■ **The problem**
Find the line with "Tudor Rose Court, South" in the entries below, then output every line from it down to the line with "萝卜干炖肉,肉清洗干净后切块,萝卜干洗干净备用", exactly and with no pictures.

■ **Information**
----------

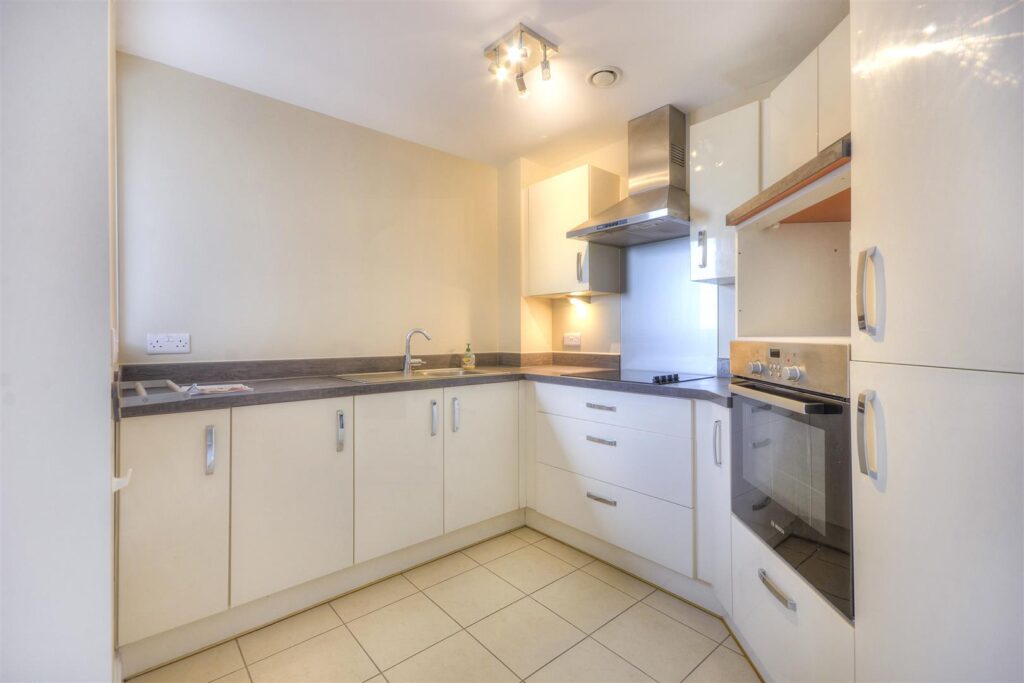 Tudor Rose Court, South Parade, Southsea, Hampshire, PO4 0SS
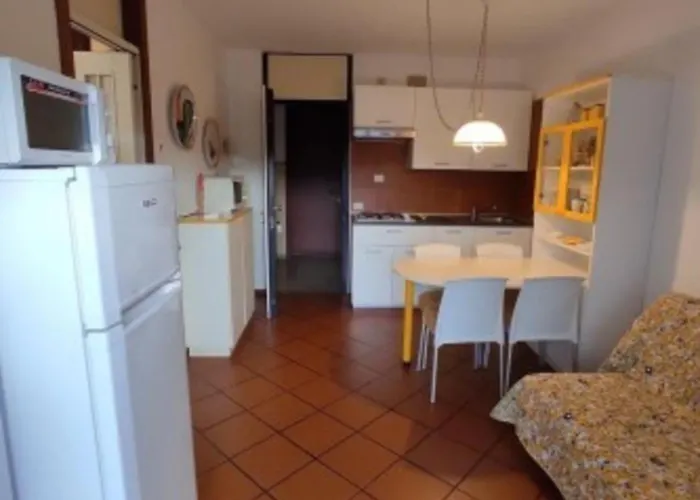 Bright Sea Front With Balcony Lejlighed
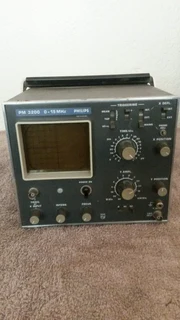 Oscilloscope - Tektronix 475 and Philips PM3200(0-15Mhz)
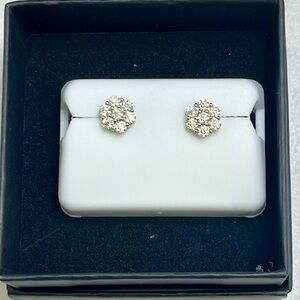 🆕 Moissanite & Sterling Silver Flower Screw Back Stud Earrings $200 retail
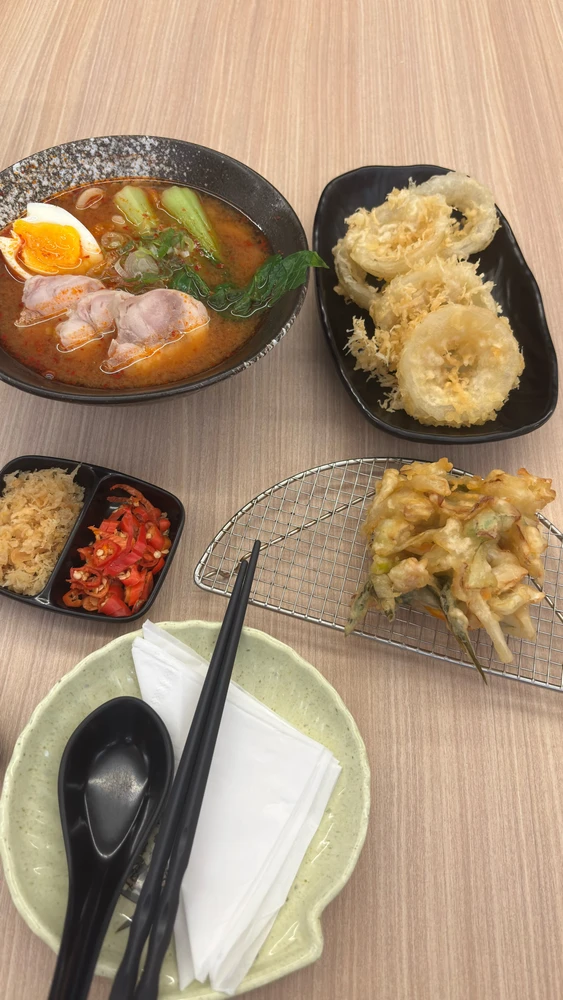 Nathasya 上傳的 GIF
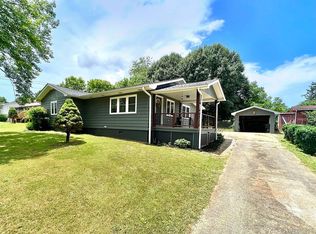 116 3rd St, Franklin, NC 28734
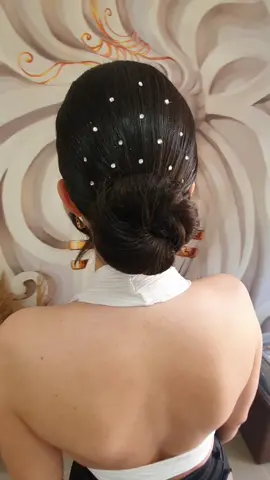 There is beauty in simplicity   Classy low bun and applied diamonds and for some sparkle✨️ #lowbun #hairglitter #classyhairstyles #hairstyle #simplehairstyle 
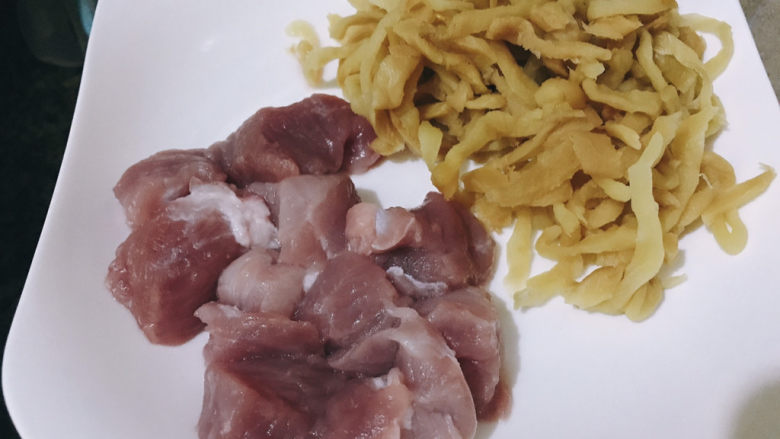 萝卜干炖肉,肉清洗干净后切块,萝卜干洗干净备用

----------

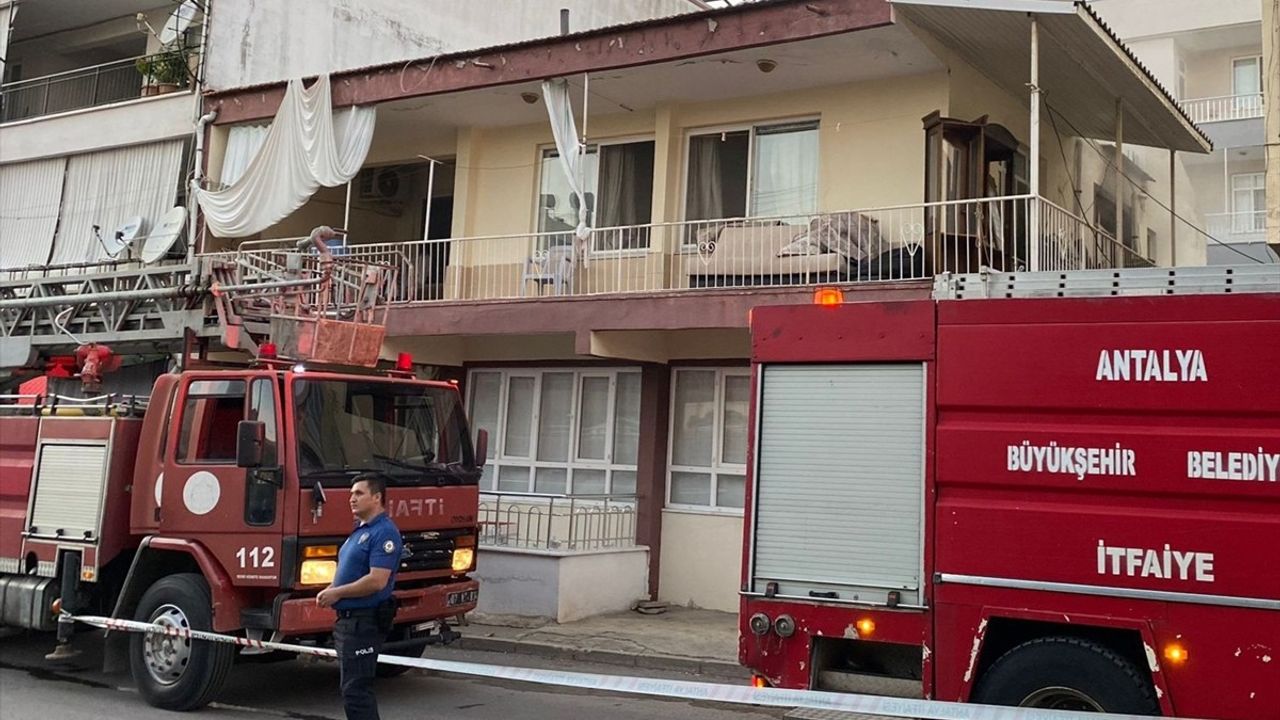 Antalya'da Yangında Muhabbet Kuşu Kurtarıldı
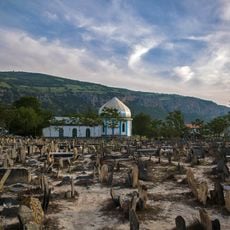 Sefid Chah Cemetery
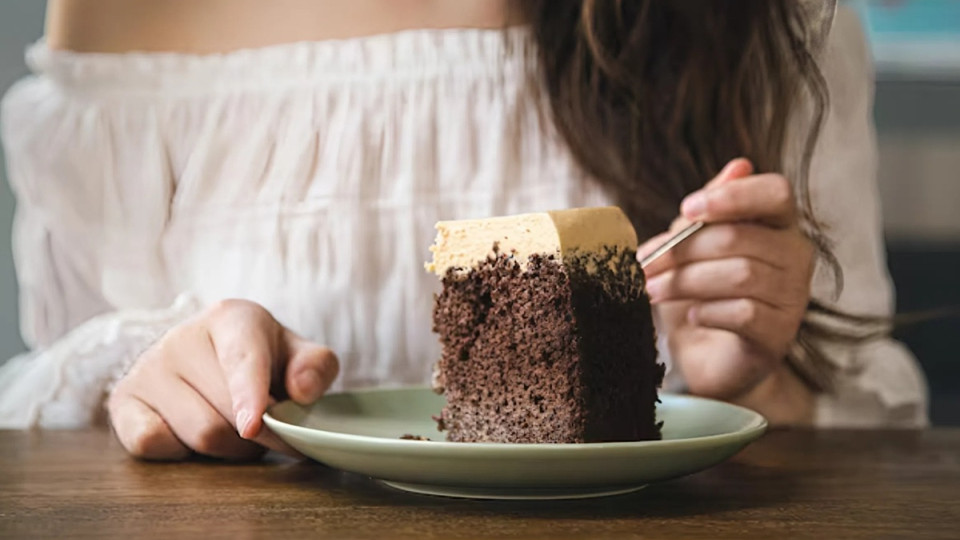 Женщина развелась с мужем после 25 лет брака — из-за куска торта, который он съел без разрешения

----------

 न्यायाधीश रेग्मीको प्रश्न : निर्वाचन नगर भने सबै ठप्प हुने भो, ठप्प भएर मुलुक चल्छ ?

----------

■ **Solution to the exercise**
 Tudor Rose Court, South Parade, Southsea, Hampshire, PO4 0SS
 Bright Sea Front With Balcony Lejlighed
 Oscilloscope - Tektronix 475 and Philips PM3200(0-15Mhz)
 🆕 Moissanite & Sterling Silver Flower Screw Back Stud Earrings $200 retail
 Nathasya 上傳的 GIF
 116 3rd St, Franklin, NC 28734
 There is beauty in simplicity   Classy low bun and applied diamonds and for some sparkle✨️ #lowbun #hairglitter #classyhairstyles #hairstyle #simplehairstyle 
 萝卜干炖肉,肉清洗干净后切块,萝卜干洗干净备用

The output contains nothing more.